Why is this, you ask? Why is it that pitchers are so hard to project, especially at a young age? The answer lies in one word, my friends: Injuries. The sheer abundance of injuries.
And what consistently causes injuries, within the life of a pitcher? Well, to tell you the truth, we’re not quite sure. There are a number of complex factors that go into every pitcher’s decline — workload being one of the more discussed issues as of late — but the fact of the matter is that the level of knowledge, the sheer accumulation of data, we have at this point is far too small to draw any worthwhile conclusions on the subject. For every Kerry Wood, it seems, there is a Randy Johnson or a Curt Schilling to make us reconsider our argument.
With that being said, the one thing that analysts have been able to recognize over the past few years — in regard to pitcher projections — is the continuing lack of long-term success for those who enter the majors before the age of 21.

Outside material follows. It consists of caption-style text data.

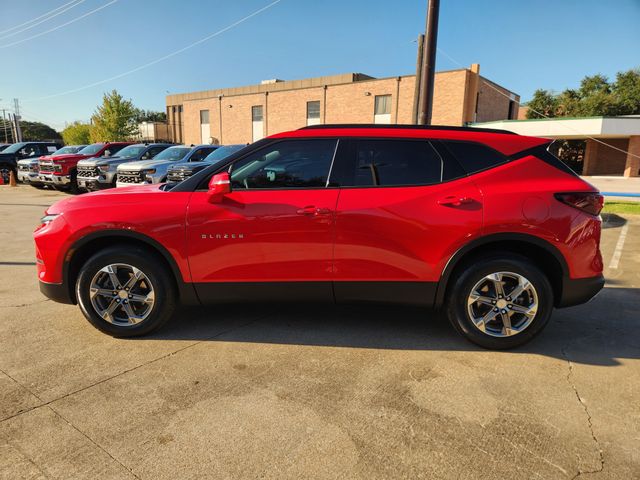 2024 Chevrolet Blazer LT Red at Westside Lexus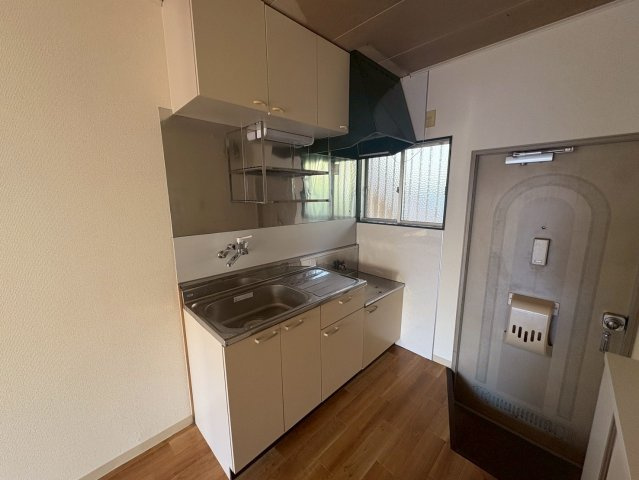 ドルフ石井Ｂ棟のキッチン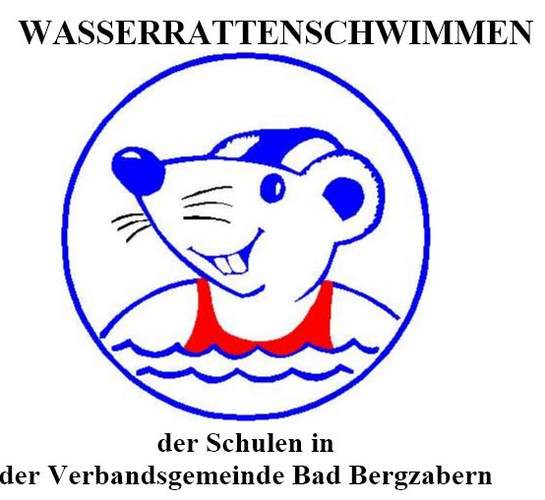 Magere Teilnehmerzahl beim Wasserratten schwimmen in der VG BZA. 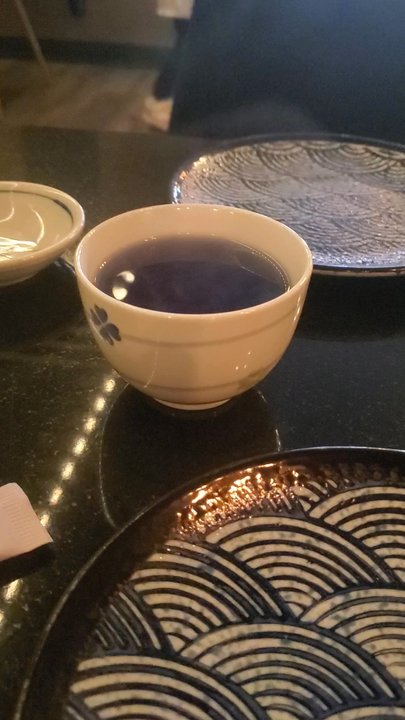 Katana Sushi - Blue Jasmine tea - Sushi Bars Near Me - Brooklyn, New York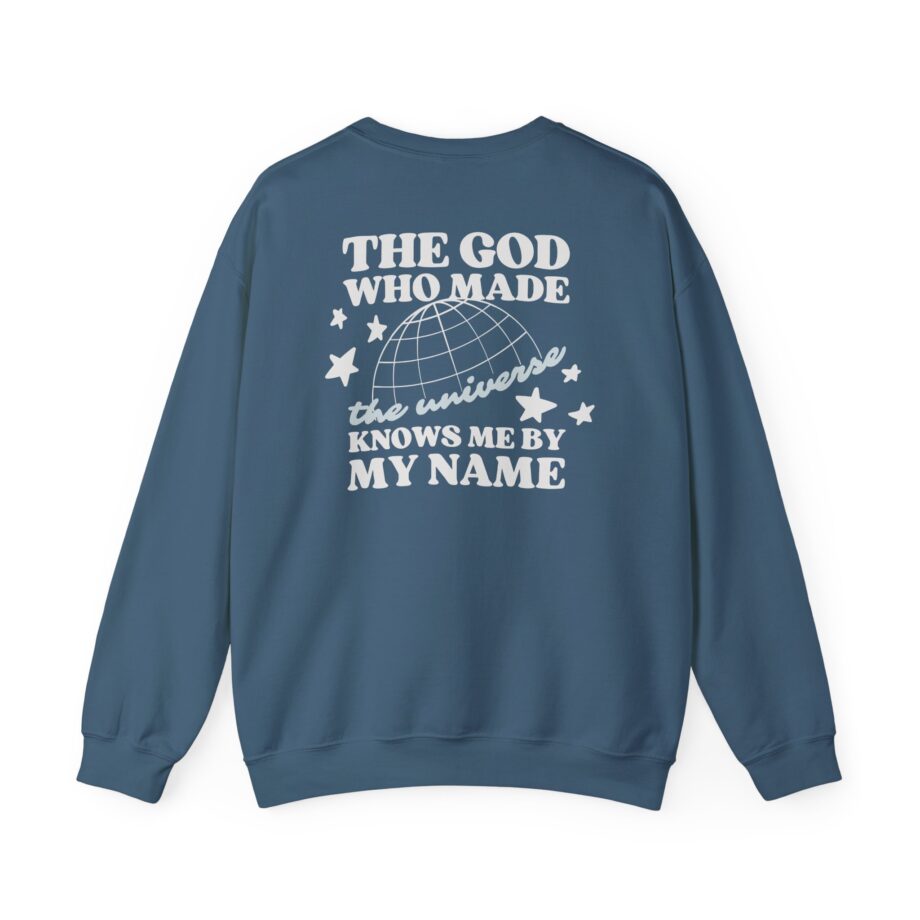 Forrest Frank Good Day Oatmeal Unisex Heavy Blend™ Crewneck Sweatshirt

You want evidence? Consider this: Since 1980, only 14 pitchers — younger than 21 — have made more than ten starts at the major-league level. Eleven of those 14 pitchers, or 78.5%, have suffered through at least a career-threatening injury — with most of them losing effectiveness in their mid-to-late twenties. That’s roughly five to seven years before “normally” successful pitchers decline, for those of you scoring at home.
Pitcher Team Year Starts
Oh, and the other three pitchers who didn’t suffer through career-threatening injuries? Well, you may have heard of them: their names are CC Sabathia, Rick Ankiel, and Jon Garland — pitchers who, at the time of this writing, are just 21, 23, 21 years of age. And does anyone want to tell me that they think these three are completely immune from a similar fate? I didn’t think so. Even with such a small sample size as 14 pitchers, when the evidence is clearly pointing in one, definitive, direction — such as this — heed must be paid to what undeniably appears to be a trend.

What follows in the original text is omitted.